#### WHAT THE TASK ASKS:
Gather from the listing below each line that includes the word "piece", and copy it.
(INFORMATION SUPPLIED Opens)
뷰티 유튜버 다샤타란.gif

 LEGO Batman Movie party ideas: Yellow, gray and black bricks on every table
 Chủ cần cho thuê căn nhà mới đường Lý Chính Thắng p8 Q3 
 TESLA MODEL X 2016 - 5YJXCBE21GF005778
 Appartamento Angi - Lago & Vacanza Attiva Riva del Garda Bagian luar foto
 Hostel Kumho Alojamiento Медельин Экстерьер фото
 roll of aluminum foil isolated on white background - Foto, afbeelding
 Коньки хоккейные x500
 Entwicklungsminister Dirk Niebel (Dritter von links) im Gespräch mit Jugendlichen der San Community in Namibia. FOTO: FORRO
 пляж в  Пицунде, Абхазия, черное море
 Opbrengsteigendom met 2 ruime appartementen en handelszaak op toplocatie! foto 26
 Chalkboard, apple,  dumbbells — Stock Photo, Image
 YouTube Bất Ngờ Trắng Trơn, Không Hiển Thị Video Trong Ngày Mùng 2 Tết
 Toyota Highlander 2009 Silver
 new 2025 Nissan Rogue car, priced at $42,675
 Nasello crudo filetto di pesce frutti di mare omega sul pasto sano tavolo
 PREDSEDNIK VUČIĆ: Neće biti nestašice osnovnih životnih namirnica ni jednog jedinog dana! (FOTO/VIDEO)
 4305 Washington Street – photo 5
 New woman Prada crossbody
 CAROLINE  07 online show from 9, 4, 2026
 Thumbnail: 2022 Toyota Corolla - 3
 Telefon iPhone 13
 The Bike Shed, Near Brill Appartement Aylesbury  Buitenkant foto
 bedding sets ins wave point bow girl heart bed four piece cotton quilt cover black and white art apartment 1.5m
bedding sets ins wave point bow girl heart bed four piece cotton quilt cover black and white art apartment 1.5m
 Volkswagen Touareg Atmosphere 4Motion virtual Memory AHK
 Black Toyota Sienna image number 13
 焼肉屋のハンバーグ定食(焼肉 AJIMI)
(INFORMATION SUPPLIED Closes)
#### WRITTEN RESPONSE:
 bedding sets ins wave point bow girl heart bed four piece cotton quilt cover black and white art apartment 1.5m
bedding sets ins wave point bow girl heart bed four piece cotton quilt cover black and white art apartment 1.5m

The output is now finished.